El Suplicio del Suicida
Hay sentimientos y emociones límites que nos colocan en un callejón, el cual poco a poco nos va cerrando, un callejón donde todo lo posible se agota y se nos va entre las manos… Sentimos la respiración crispada, nuestra carne encogida y el pensamiento reducido al vacío… Este callejón no anuncia nada, se consuma en sí mismo y se experimenta como un suplicio… Suplicantes y con angustia, vemos al cielo y al momento de buscar una respuesta nos encontramos con un profundo blanco vacío y es ahí donde la obra Decimocuarta estación (¿Por qué me has abandonado) de Barnett Newman cobra todo el sentido, al ver al cielo nos encontramos con la nada, con la soledad completa y nos damos cuenta que no hay nada que nos pueda sacar de esta angustia más que nosotros mismos.
De allí comienza este impulso suicida, como una figura de ese sentimiento desbordante, una forma en la que el cuerpo pide romper para parirse nuevamente.
El sobreviviente a este impulso se reconoce como el culpable, el culpable de seguir vivo, de seguir respirando mientras otros mueren, el exceso persiste en esta idea de continuar. El pensamiento se tiñe de vergüenza, como si cada palabra cargara con el peso de un crimen silencioso… El exceso no se reduce al éxtasis, se incluye la vergüenza de ocupar un lugar y de sostener la vida como un gasto injustificable.

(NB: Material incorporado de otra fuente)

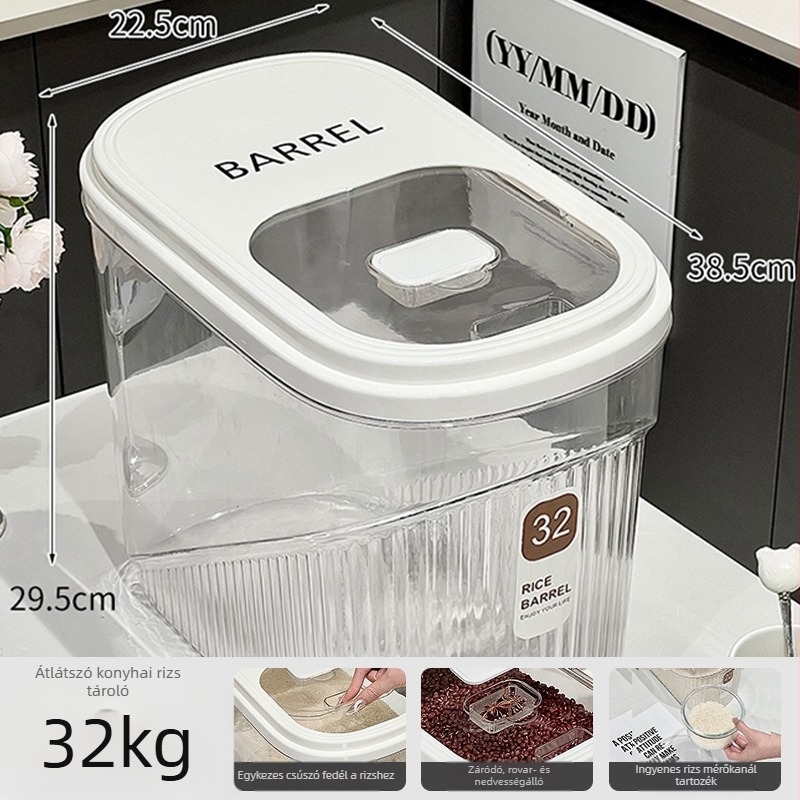 Rizstároló kanna ABS műanyagból, élelmiszer-minőségű, kapacitás 10 L felett, nedvességálló és rovarbiztos, vákuumzárás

En esta mezcolanza de sensaciones nos encontramos con lo abyecto, que es lo que entendemos como la herida, la podredumbre y la fragilidad insoportable de la carne que puede quebrarse en cualquier momento. Lo abyecto nos repugna, pero también atrae porque nos obliga a mirar de frente lo que quisiéramos ocultar, como cuando miramos cualquier obra de Günter Brus, donde el artista utiliza su propio cuerpo como lienzo para mostrar lo grotesco, expiarse y causarnos sensaciones. En esa visión se abre un temblor, porque en medio de la descomposición también fulgura lo bello… lo bello aquí no es proporción ni serenidad, es un resplandor que se enciende en el horror, un instante de intensidad que arranca lágrimas y risa. Lo bello y lo abyecto se entrelazan empujándonos hasta el borde.
La risa nos revela ese borde con crudeza, abre un abismo y arrastra consigo al yo y lo confunde con el viento destructor que no deja nada en pie. Reír es reconocerse cómplice de la ruina, ver lo que ha pasado y tener aquella risa nerviosa de no poder hacer más, confluye en este espacio con la culpa, ambas muestran la imposibilidad de sostener la vida en términos de sentido.

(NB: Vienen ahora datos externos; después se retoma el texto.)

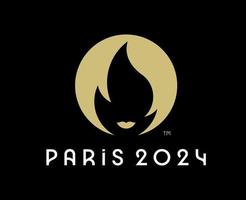 Paris 2024 logo officiel olympique Jeux symbole abstrait conception vecteur illustration avec noir Contexte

A pesar de todo este desastre que hemos observado, nos encontramos con una dulzura… una dulzura mínima, banal y como si fuera un respiro inesperado en medio de la asfixia. Nos enseña que incluso en el suplicio hay instantes de alivio y que esos instantes son tan terribles como la angustia misma.
Y es después de esa dulzura donde emergen los ganchos. Son fuerzas mínimas, casi invisibles, que hacen que permanezcamos aquí. No tienen la forma de una revelación ni de una verdad, sino de restos, como una voz que recordamos, un gesto inesperado, un cuerpo cercano incluso la banalidad de lo cotidiano que nos amarra con suavidad y violencia al mismo tiempo. Los ganchos son lo que transforma la ideación suicida en un pensamiento y no en un acto, son los clavos invisibles que nos sujetan la existencia al borde del abismo. No salvan, pero sostienen. No iluminan, pero atan. Y en esa atadura hay algo insoportable y al mismo tiempo vital… gracias a ellos seguimos aquí.
Pensar la vida desde el exceso, desde un límite, desde la herida que confiesa su culpa y desde el callejón que dramatiza lo imposible. Allí la existencia se percibe como un gasto sin fin, un sacrificio sin altar y especialmente una belleza que nace desde la podredumbre.
El suicidio, la culpa, la risa y la dulzura son figuras de un mismo temblor que Bataille nos plantea en las páginas de El Culpable y de La Experiencia Interior.
Ese temblor no se traduce en doctrina. No se enseña y no se predica, si no que contagia como un clima. La angustia de quien respira en el callejón, la vergüenza de quien confiesa su culpa, la carcajada rota de quien se percibe cómplice de su ruina, la dulzura inesperada que aligera el suplicio: todos estos gestos transmiten un silencio que se expande.
Ese silencio no es vacío, es exceso.
Dejarse guiar por estas experiencias no es buscar claridad. Es aprender a sostener la herida, a reconocer que lo humano no se define sólo por el sentido, sino por su relación con lo insoportable. No se trata de buscar un más allá ni una redención. Se trata de confrontar el exceso, de percibir la existencia como sacrificio sin altar, como gasto insoportable y como temblor que arrasa.